(Web page caption snippets)
········
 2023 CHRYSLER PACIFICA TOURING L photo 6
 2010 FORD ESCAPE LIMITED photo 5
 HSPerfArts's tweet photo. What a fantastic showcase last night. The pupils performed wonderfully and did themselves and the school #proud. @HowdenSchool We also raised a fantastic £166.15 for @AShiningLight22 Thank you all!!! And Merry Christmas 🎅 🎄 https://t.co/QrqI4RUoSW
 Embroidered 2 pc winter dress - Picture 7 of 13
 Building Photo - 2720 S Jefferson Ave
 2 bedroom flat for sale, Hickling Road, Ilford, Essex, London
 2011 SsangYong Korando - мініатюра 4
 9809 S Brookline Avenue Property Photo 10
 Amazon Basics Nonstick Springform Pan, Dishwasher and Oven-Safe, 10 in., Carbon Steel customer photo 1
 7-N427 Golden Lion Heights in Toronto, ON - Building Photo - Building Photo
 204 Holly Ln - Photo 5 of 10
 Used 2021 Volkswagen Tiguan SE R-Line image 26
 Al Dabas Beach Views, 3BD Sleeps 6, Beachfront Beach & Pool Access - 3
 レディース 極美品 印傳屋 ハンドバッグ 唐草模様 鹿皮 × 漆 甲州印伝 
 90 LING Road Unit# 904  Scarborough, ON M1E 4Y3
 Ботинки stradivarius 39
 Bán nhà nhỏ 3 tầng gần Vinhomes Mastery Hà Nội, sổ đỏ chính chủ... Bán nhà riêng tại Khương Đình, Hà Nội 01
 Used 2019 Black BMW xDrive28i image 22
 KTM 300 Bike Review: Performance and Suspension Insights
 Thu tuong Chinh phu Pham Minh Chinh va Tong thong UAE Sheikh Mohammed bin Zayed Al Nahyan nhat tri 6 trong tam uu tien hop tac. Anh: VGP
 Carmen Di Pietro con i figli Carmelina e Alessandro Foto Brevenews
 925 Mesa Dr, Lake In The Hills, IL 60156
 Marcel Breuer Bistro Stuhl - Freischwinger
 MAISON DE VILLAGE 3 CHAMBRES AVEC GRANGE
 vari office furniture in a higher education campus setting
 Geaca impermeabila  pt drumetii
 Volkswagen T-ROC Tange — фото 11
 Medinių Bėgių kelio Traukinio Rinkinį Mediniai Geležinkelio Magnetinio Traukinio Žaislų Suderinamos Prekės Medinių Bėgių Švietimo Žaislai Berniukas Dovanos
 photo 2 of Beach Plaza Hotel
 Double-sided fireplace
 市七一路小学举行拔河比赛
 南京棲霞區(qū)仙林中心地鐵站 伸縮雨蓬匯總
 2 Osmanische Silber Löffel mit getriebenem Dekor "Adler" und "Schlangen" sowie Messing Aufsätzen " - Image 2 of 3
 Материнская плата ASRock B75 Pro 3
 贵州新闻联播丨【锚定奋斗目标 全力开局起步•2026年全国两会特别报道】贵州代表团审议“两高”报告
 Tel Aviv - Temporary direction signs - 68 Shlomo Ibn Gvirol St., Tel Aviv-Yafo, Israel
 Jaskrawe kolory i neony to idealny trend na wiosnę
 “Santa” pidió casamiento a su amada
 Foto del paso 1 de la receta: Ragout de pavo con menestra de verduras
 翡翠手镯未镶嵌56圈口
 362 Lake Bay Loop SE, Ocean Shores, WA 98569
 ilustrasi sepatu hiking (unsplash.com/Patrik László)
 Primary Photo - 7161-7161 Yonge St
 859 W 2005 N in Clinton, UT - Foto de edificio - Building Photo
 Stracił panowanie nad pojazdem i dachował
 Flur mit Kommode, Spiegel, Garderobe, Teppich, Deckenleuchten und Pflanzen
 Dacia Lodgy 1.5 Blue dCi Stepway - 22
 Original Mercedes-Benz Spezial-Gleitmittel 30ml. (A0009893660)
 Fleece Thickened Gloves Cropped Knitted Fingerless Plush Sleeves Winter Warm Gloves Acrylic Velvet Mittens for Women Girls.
········
◆ **ASSIGNMENT**
State only the number of lines above that contain the word "Foto".

◆ **OUTPUT OF THE EXERCISE**
3